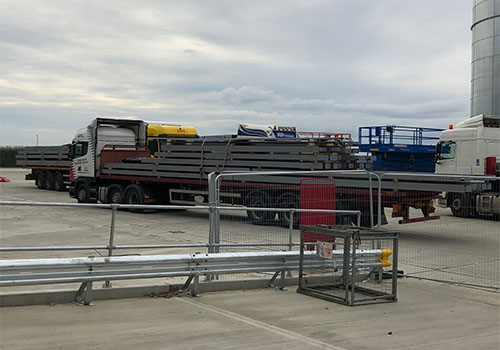 Transport of mezzanine steel elements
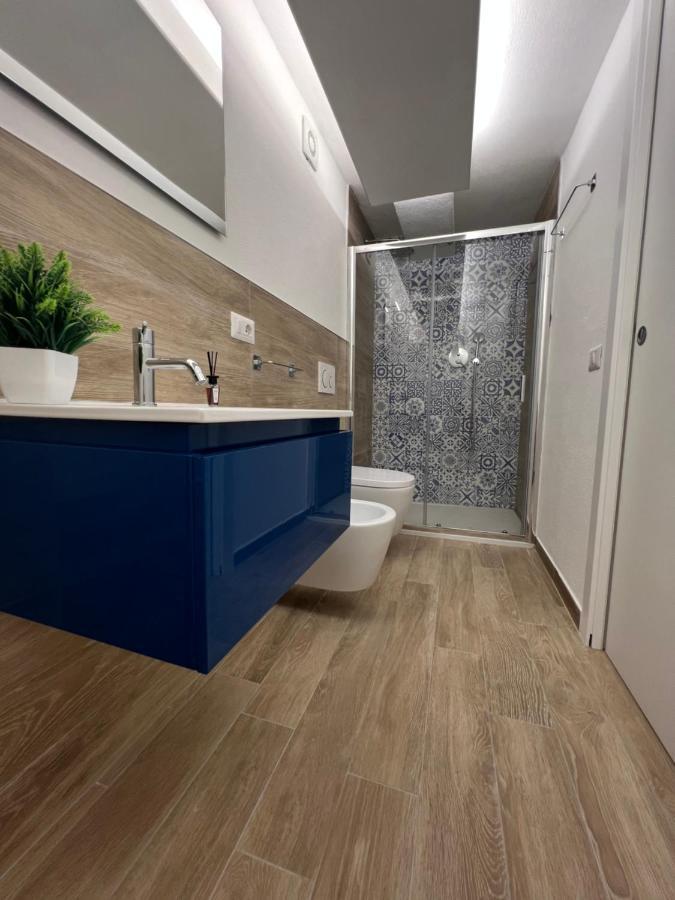 Double or Twin Room Private Bathroom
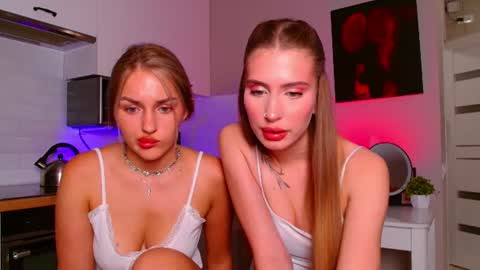 Mona  Sophia online show from 07.10.26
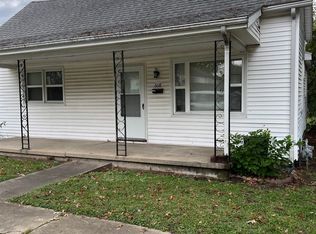 608 S 18th St, Herrin, IL 62948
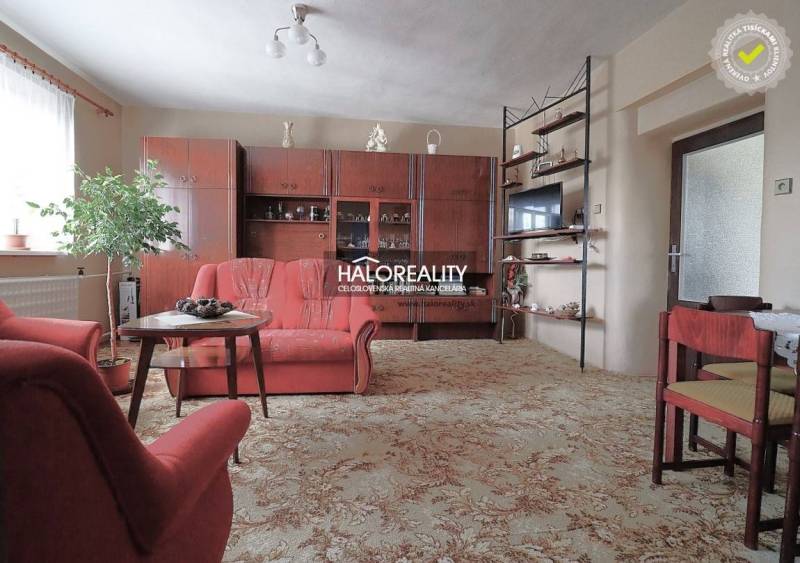 Predaj, rodinný dom Veľký Kýr, šesťizbový s garážou ... - Obývačka v rodinnom dome s kreslami, vitrínou a kobercom.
*****
**EXERCISE BRIEF:**
Your answer is an exact copy of the records above, stripped of pictures.

**RESPONSE TO THIS TASK:**
 Transport of mezzanine steel elements
 Double or Twin Room Private Bathroom
 Mona  Sophia online show from 07.10.26
 608 S 18th St, Herrin, IL 62948
 Predaj, rodinný dom Veľký Kýr, šesťizbový s garážou ... - Obývačka v rodinnom dome s kreslami, vitrínou a kobercom.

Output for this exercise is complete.